When you copy from the entries that follow, take only the lines from the one with "229 - A Second" down to the one with "A person wearing", keeping both ends and dropping every picture.

=== Begin Enclosure ===

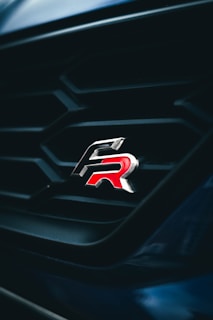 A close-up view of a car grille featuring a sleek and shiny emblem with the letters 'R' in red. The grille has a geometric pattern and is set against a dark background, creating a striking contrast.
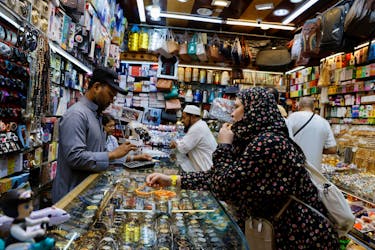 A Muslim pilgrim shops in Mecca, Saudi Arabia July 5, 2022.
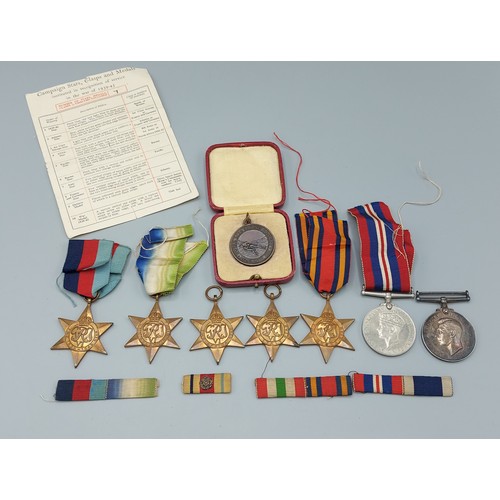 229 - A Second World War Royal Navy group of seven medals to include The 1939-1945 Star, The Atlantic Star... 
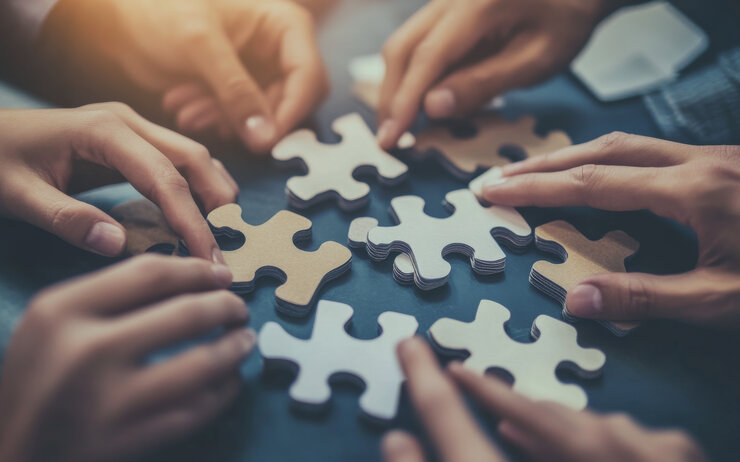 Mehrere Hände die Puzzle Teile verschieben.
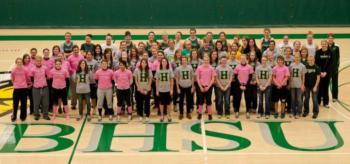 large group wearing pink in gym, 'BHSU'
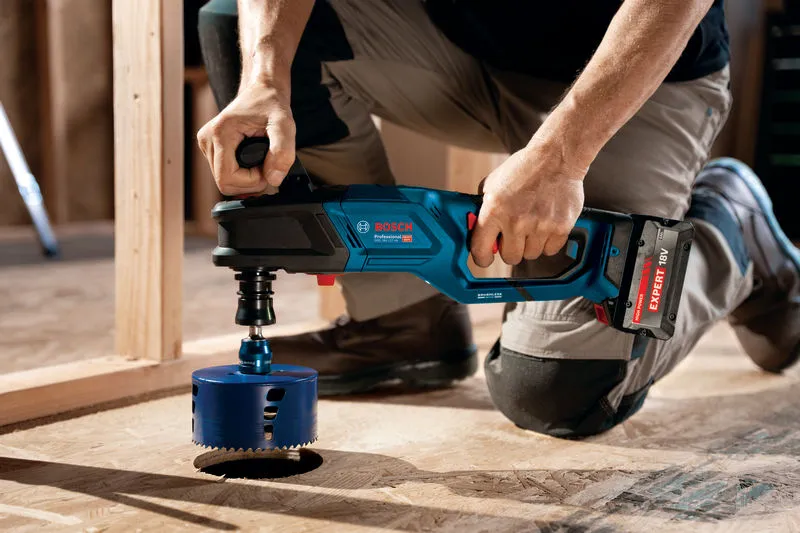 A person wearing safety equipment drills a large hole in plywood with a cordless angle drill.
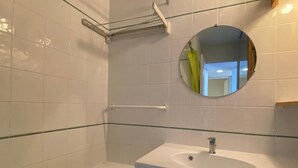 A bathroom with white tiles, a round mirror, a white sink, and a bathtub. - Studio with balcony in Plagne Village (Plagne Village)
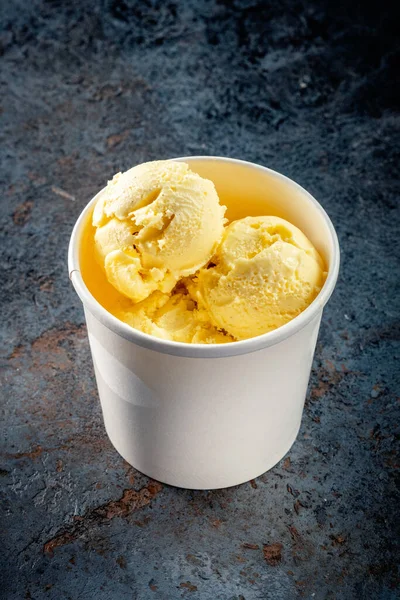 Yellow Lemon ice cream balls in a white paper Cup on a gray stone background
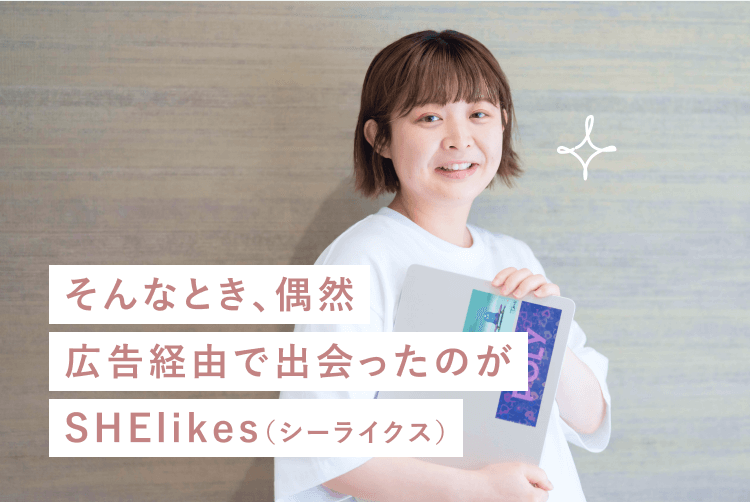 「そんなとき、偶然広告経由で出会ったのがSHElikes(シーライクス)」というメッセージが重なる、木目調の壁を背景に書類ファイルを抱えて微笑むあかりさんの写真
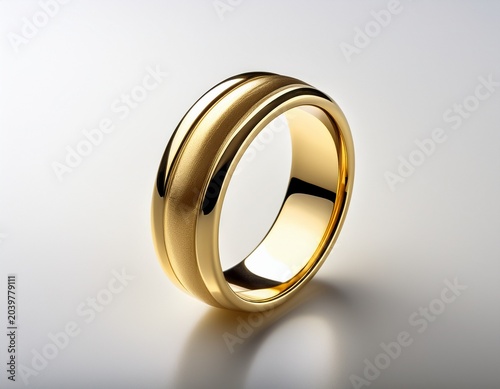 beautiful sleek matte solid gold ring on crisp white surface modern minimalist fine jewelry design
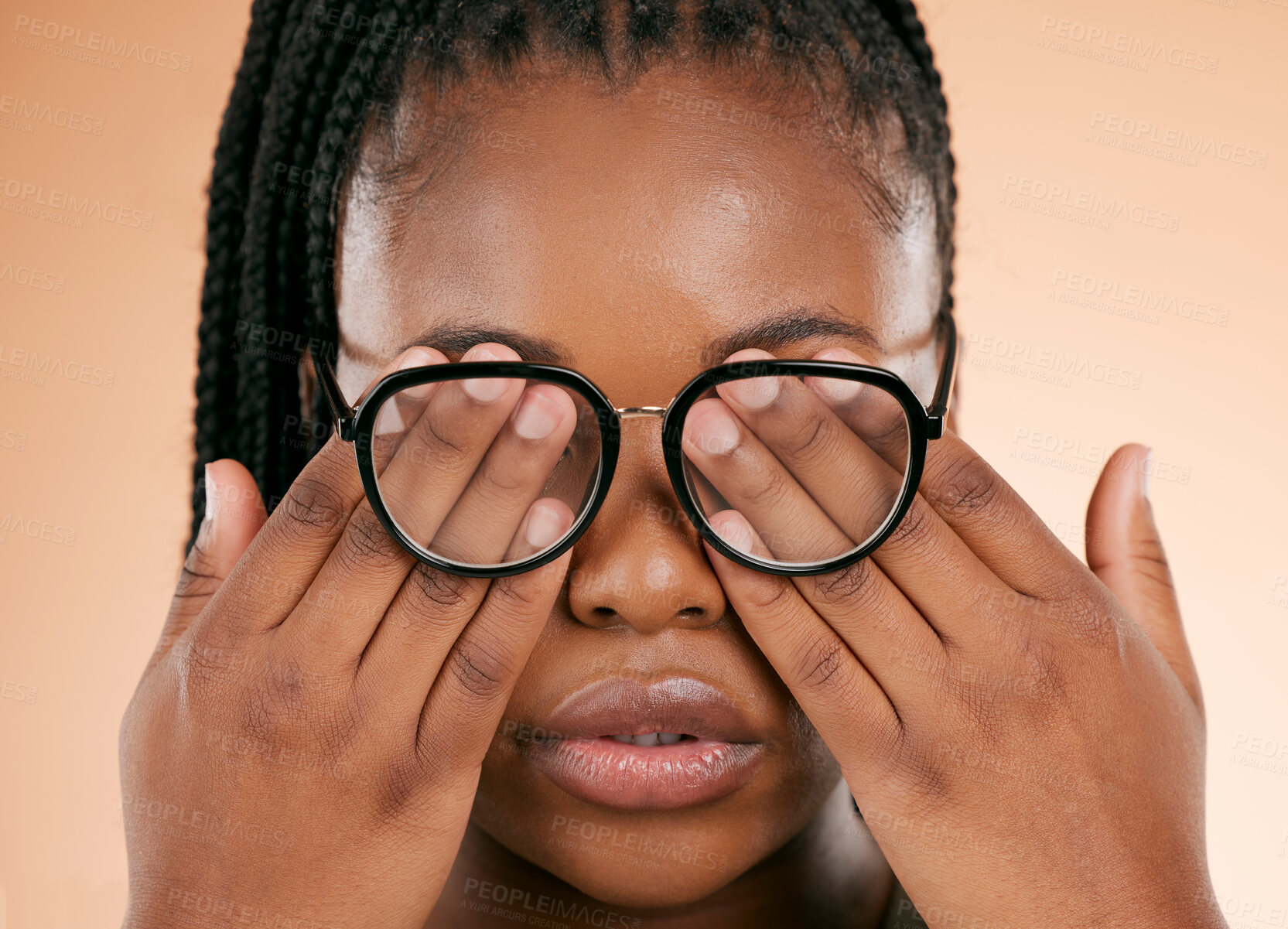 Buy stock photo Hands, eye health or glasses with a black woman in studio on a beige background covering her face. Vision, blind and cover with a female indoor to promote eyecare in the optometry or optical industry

=== End Enclosure ===

| Response to the exercise |
 229 - A Second World War Royal Navy group of seven medals to include The 1939-1945 Star, The Atlantic Star... 
 Mehrere Hände die Puzzle Teile verschieben.
 large group wearing pink in gym, 'BHSU'
 A person wearing safety equipment drills a large hole in plywood with a cordless angle drill.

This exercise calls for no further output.